===== DATASET EXCERPTS

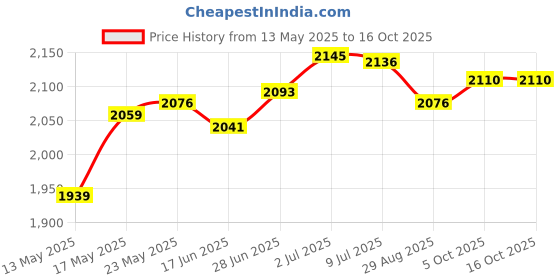 amazon.in SECRET DESIRE Hamster Platform with Climbing Ladder Cage Accessories for Mouse Rat Hamster L secret desire Price History Graph from 13 May 2025 to 16 Oct 2025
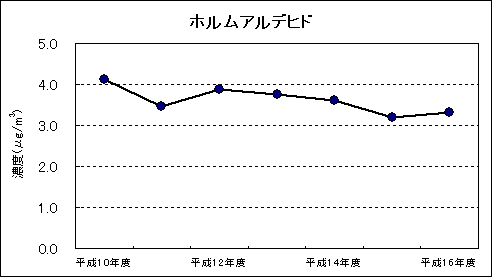 図：継続測定地点における平均値の推移 ホルムアルデヒド
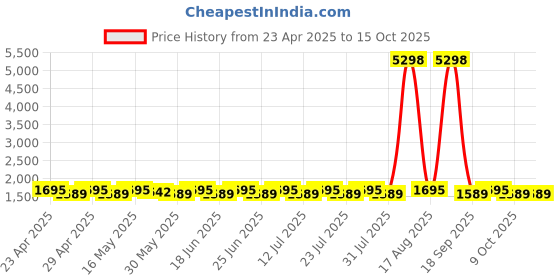 myntra.com SHADOW & SAINING Printed Thread Work Pure Cotton Unstitched Dress Material shadow & saining Price History Graph from 23 Apr 2025 to 14 Oct 2025
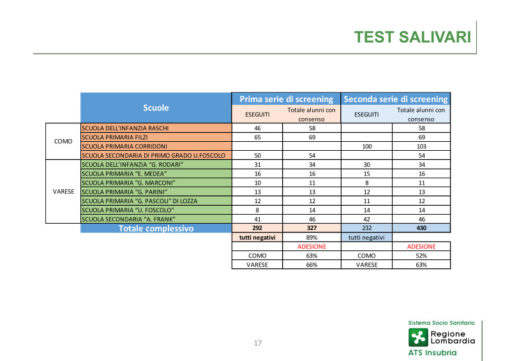 test salivari scuole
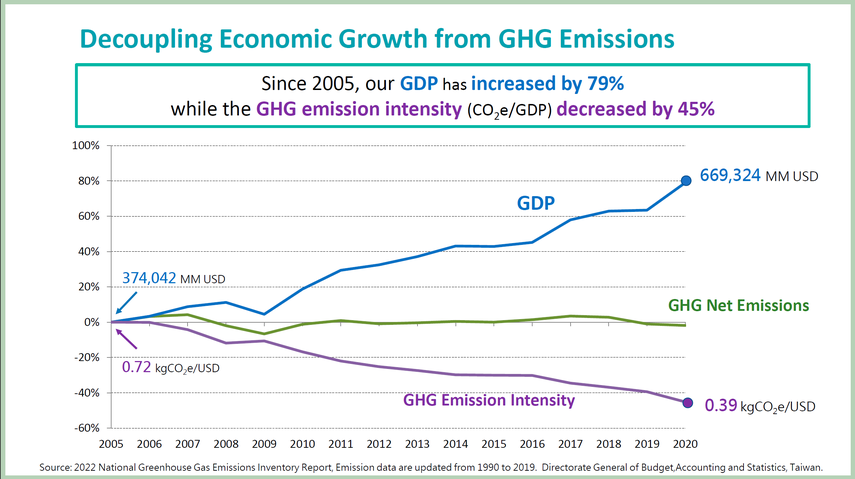 Gráfica que ilustra las estadísticas.&nbsp;
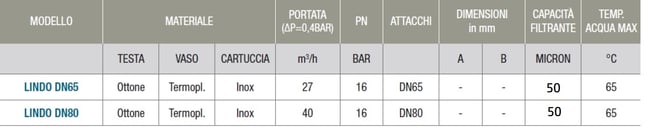 características técnicas filtro CTE plata DN 65 y DN 80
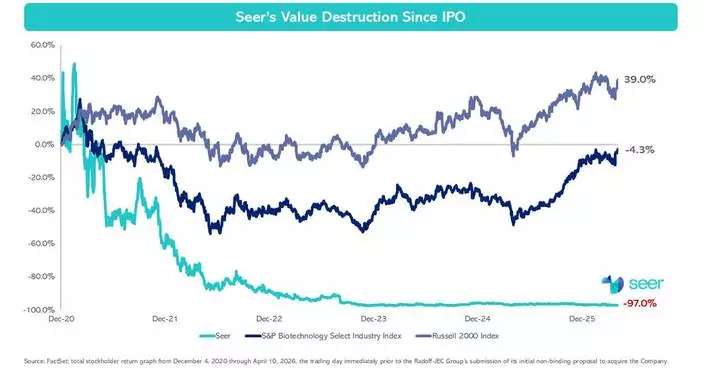 The Radoff-JEC Group Highlights Seer Inc.’s and Chairman and CEO Omid Farokhzad, M.D.’s History of Value Destruction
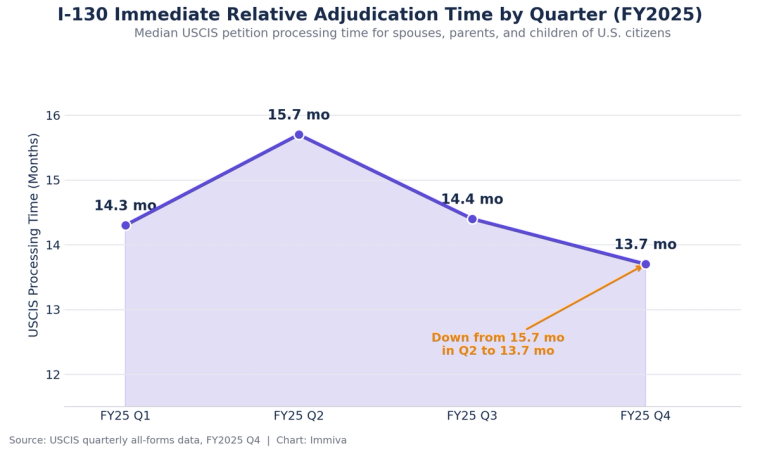 I-130 Immediate Relative Processing Time by Quarter FY2025 | Immiva Line chart of I-130 immediate relative processing time falling from 15.7 months in FY2025 Q2 to 13.7 months in Q4 for spouses, parents, and children of U.S. citizens.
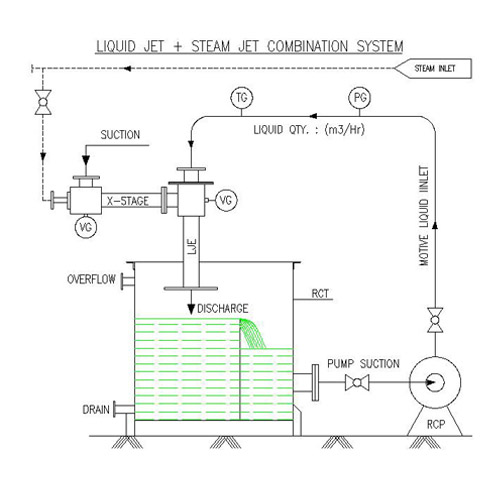 Steam Jet Ejector SystemLiquid Jet Vacuum Ejector Manufacturer From India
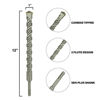 Picture of Sabre Tools 1 Inch x 12 Inch SDS Plus Rotary Hammer Drill Bit, Carbide Tipped for Brick, Stone, and Concrete Version 2 (1" x 10" x 12")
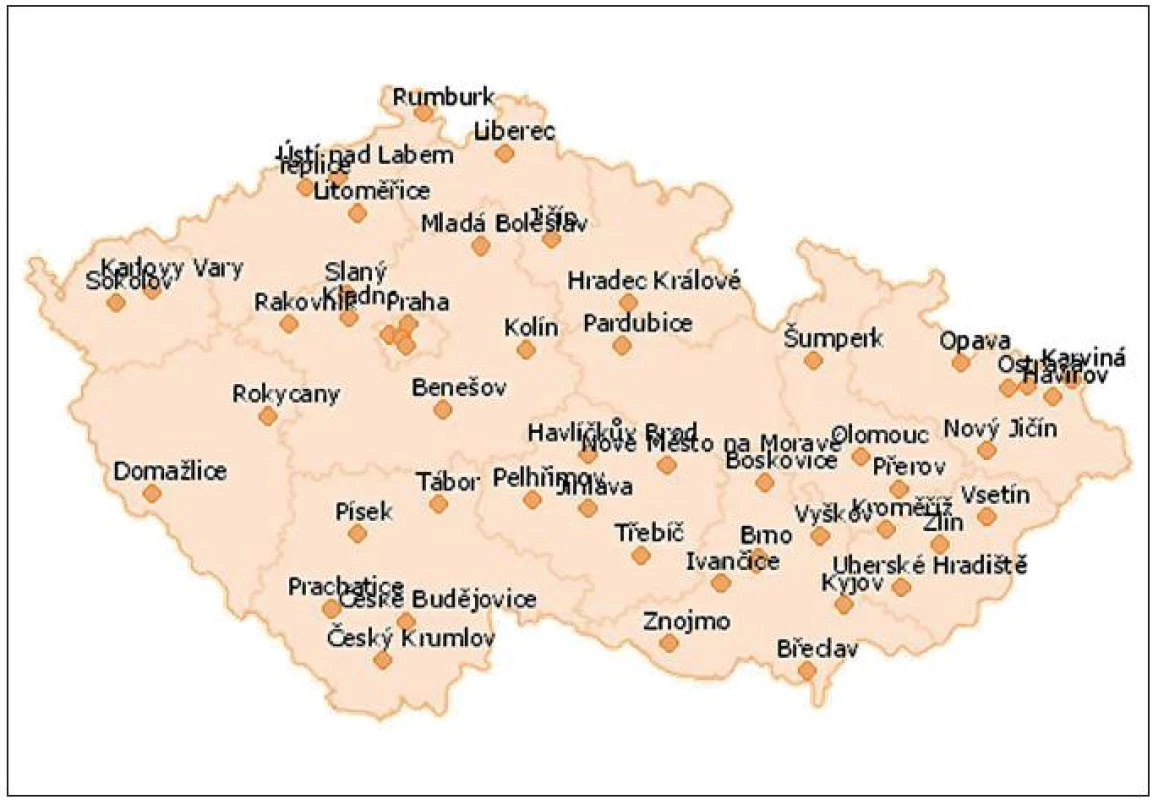 Zapojená pracoviště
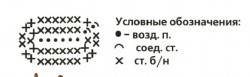 Снеговик крючком, схема.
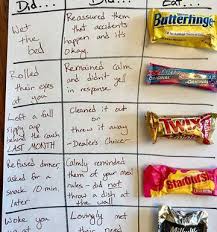 Mum Creates Hilarious Reward Chart That Every Parent Will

==========

* _TASK_: With the pictures removed, print the entries above exactly.

* _EXPECTED OUTPUT_:
 amazon.in SECRET DESIRE Hamster Platform with Climbing Ladder Cage Accessories for Mouse Rat Hamster L secret desire Price History Graph from 13 May 2025 to 16 Oct 2025
 図：継続測定地点における平均値の推移 ホルムアルデヒド
 myntra.com SHADOW & SAINING Printed Thread Work Pure Cotton Unstitched Dress Material shadow & saining Price History Graph from 23 Apr 2025 to 14 Oct 2025
 test salivari scuole
 Gráfica que ilustra las estadísticas.&nbsp;
 características técnicas filtro CTE plata DN 65 y DN 80
 The Radoff-JEC Group Highlights Seer Inc.’s and Chairman and CEO Omid Farokhzad, M.D.’s History of Value Destruction
 I-130 Immediate Relative Processing Time by Quarter FY2025 | Immiva Line chart of I-130 immediate relative processing time falling from 15.7 months in FY2025 Q2 to 13.7 months in Q4 for spouses, parents, and children of U.S. citizens.
 Steam Jet Ejector SystemLiquid Jet Vacuum Ejector Manufacturer From India
 Picture of Sabre Tools 1 Inch x 12 Inch SDS Plus Rotary Hammer Drill Bit, Carbide Tipped for Brick, Stone, and Concrete Version 2 (1" x 10" x 12")
 Zapojená pracoviště
 Снеговик крючком, схема.
 Mum Creates Hilarious Reward Chart That Every Parent Will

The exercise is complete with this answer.